そして、この微妙にクールぶって格好つけてるのが大空アキ。
生意気にも私より背が高く、確か、180cmだったかなぁ? 背の高さに比べると細身に見えるけど、所謂、細マッチョだっ! きっと隠れてこっそり筋トレしているのだろう……プークスクス。

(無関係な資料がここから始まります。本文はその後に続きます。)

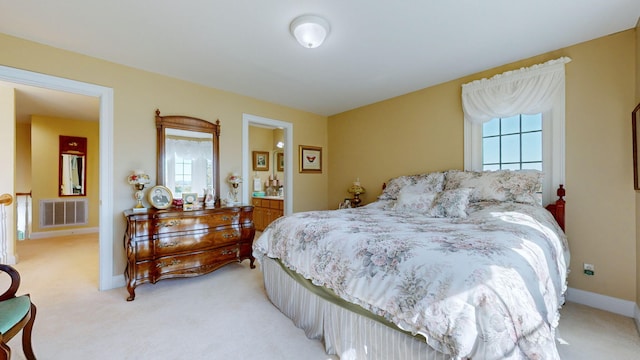 carpeted bedroom featuring ensuite bathroom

そんな、高身長、細マッチョ、黒髪の雰囲気イケメンのアキは、私と同い年だけど弟みたいなもん! でも、アキはアキで私を妹扱いしてくるんだよねぇ……。
その心はっ! 私とアキは物心ついた頃から、どちらが姉、兄かのマウントの取り合い中なのだぁぁ! ドンドンドンパフパフ。
でも、そんな私とアキのやり取りを見てママはよく苦笑いしている……特に私に対して……げせぬ。
「アキ。お礼にお茶出すよ。寄ってって」
「……いや、やめとくよ」
私の誘いにアキは、困った顔で断ってきた。
「なんで? 遠慮しなくてもいいよ」
「いや、さすがにあかりが相手でも、女の子一人きりの家にあがるのは……」
「まぁまぁまぁ、お姉ちゃんを気づかってくれるなんて、アキちゃんはエライ子でちゅねぇ」
「当然だろ」
おおぅ! 即答するとは、やるなお主……私の中の株が上がったぞ。
茶化す私を見るアキの顔は、とても真剣だった。
「フフフ。じゃぁ、ママの居る時にでもまた来てよ……この借りはその時返すっ!」
「ああ。じゃあ俺は帰るけど、何かあれば直ぐに連絡しろよ」
妹を心配する兄、といった感じのアキに、私は少しだけ嬉しくなった。
「りょーかーい」
歩いて行くアキの背中を見ながら手を振っていると、私の足元に突然、円形の複雑な図が現れ輝きだした。
「うわぁっ!」
……え? まぶしぃ! ……何これ?
「あかりぃぃぃ!」
驚いて動けずにいる私の耳に、私の名前を呼ぶ声が届き、そちらに視線を向けると、異変に気付いたアキが必死な顔で向かって来てる。
「ア……キ……」
その呼びかけに応えようと、私もアキの名前を呼ぼうとするが、段々意識が薄れ、私に向かって必死に腕を伸ばすアキの姿を眺めながら私は意識を失った……。